Nachtrag Wacken Rocks South… ein Kommentar von Claudia

4:16 am Kapell´n, Musik, Unterwegs

Mein erstes Mal…

nein, nicht das, was ihr jetzt wahrscheinlich denkt.

Mein erstes Mal auf Festival. Das war für mich am vergangenen Wochenende beim WACKEN ROCKS, dem kleinen Wacken, in Rieden-Kreuth in der Nähe von Amberg. Zeitgleich mit der Südausgabe in Kreuth (Wacken Rocks South) fand die Nordausgabe in Aurich (Wacken Rocks Seaside) statt. Insgesamt 12.000 Festivalgängern waren da. Das Wacken Rocks wurde zum ersten Mal aufgelegt, und somit hatte auch niemand große Erfahrungswerte damit.

Dafür aber mit dem Festivalgelände in Kreuth. Denn das ist das Gelände, auf dem bis 2007 das Earthshaker stattgefunden hat. Bis dann – das habe ich mir sagen lassen – nicht mehr so viele Leute gekommen sind…

Aber zurück zum Thema:
Wir sind am späteren Freitag nachmittag angekommen,unsere Mitzelter waren schon einen Tag länger da. Das hatte für uns den Vorteil, dass unser Zelt schon stand (vielen Dank dafür an Christian, Carina, Jörg und Christel).
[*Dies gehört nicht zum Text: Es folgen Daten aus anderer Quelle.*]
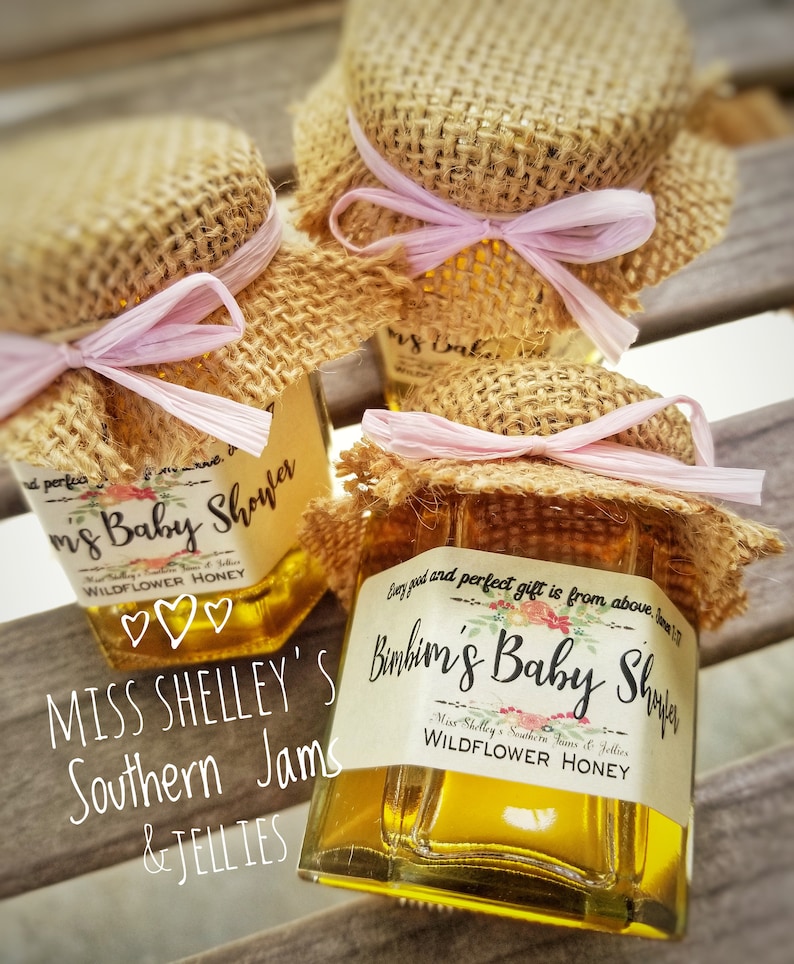 Honey Jar Favors Bridal Shower Favors Shower Favors Etsy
So konnten wir relativ zügig zum Bühnenbereich vor und mal gucken… Einziger Wertmutstropfen war, dass In Extremo bereits am Donnerstag abend gespielt hatten, aber wie sagt man, was nicht ist, kann ja noch werden…
Und es war ja nicht so, dass wir keine Musik gehört hätten: Da war die Doro, der W. (über Bandnamen lässt sich echt streiten), Volbeat (mit Feuerschwanz mein persönliches Highlight), Slayer (für mich nur vom Zelt aus), Hämatom (hatte ich schon erwähnt, dass ich Menschen mit Masken nicht ab kann), Grave Digger (sehr gut), Fatal Smile (ohne Worte), Stratovarius (ja, da hatten dann plötzlich viele Hunger…), Feuerschwanz (geiler Haufen) und Edguy (Reden ist Silber, Schweigen ist Gold).

Und was ist mein Fazit vom Festival, so für mich und im Allgemeinen?

Es war:
interessant, in mancher Hinsicht gewöhnungsbedürftig, lustig, teilweise kalt, übersichtlich

Es gab:
– Verbesserungsansätze bei der Organisation (leider keine Autos am Zeltplatz erlaubt,
Zeltplatz an sich net ganz so übersichtlich)
– subber Bands, die auch teilweise ordentlich gescheppert haben
– lustige Bands wie Feuerschwanz
– elendige Plaque verursachende Poser mit sehr eingeschränktem Wortschatz und offensichtlich schlechter frísurtechnischer Beratung
– Kollegenschweine (nein, man lästert nicht über andere Bands, vor allem wenn die besser und erfahrener sind)
– einen Mittelaltermarkt mit sehr gutem Flammkuchen und süffigem Honigbier
– nette Nachbarn (Gruß nach Selbitz)
– Gourmetküche (Curry-Kartoffeltopf, Kuchen mit echter Sarrotti-Schokolade, Biersteak)
– High-Tech-Grill-Gerätschaften
– Vollpfosten, die ihr ganzen Hausrat einfach mal angezündet haben
– ein Volbeat-T-Shirt und nen netten Tshirt-Verkäufer

Ob ich noch mal auf ein Festival gehe?
Naja, jetzt wo ich Dinge weiß, die ich vorher nicht wusste…
und falls man(n) mich wieder mitnimmt, dann schließe ich das nicht aus.
Und nein, das ist keine Drohung, aber auch kein Versprechen.